Writing a dissertation is akin to baptism by fire, claims author Jack Hampton. 

If you've ever experienced worries or paralysis on dissertation street, you might agree. No one warns you about rampant overwhelm and attrition in doctoral programs—or how to avoid it. 

If you are struggling to finish your dissertation, the hidden curriculum in doctoral programs most likely caught you by surprise. 

The real secret to finishing a dissertation cannot be found in a library or a laboratory. Instead you discover it as you learn strategies for managing your time, moods, and energy. 

In short, the key to a done dissertation is honing your self-discipline to a level you didn't need in high school or college because you got by on your smarts. 

 

Careful observation reveals that truly successful scholars don't just finish their dissertation.
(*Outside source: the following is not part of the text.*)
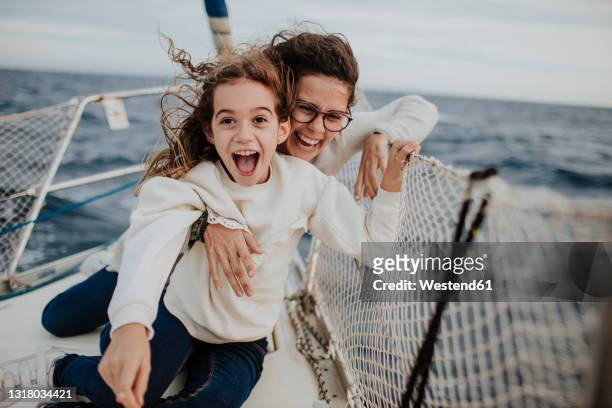 laughing mother with excited daughter on sailboat during vacation - kid sailing imagens e fotografias de stock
Along the way they also establish powerful, healthy habits that convert goals into achievements. 

Don't reinvent the wheel. Prolific writers and productivity researchers agree on the best practices—ones that resonate with what I've learned from fourteen years of coaching ABD students to success. 

 

1. Don't wait for your muse. 

Successful writers don't wait for inspiration or the right mood—they finish their writing projects by honoring their goal. That means calendarizing D-time just as you would appointments with your advisor or dentist. For extra punch, give it a compelling label, e.g., "For my success" or "Be kind to future me!" or whatever calls to you. Get started, keep at it, and your mind will eventually follow suit. When you become present to the writing, the words will come. 

"Your job is to make sure the muse knows where you're going to be every day from nine 'til noon or seven 'til three. If he does know, I assure you that sooner or later he'll start showing up, chomping his cigar and making his magic." ~ Stephen King 

 

2. Lower the barrier to starting. 

Make it easier to start writing than to fritter away your valuable time. Reducing uncertainty about where to start lowers the risk that seeds of doubt will germinate. Skip the temptation to clean off your desk by getting everything ready the night before. Keep your sequenced task list posted to avoid the merry-go-round of indecision: "Should I edit the Intro? Or write Chapter 5?" If a blank page induces terror, leave your Word document open with the last sentence of the day half finished, or include a note about where to start. 

"The secret of getting ahead is getting started." ~ Mark Twain 

 

3. Commit yourself to a fixed start time. 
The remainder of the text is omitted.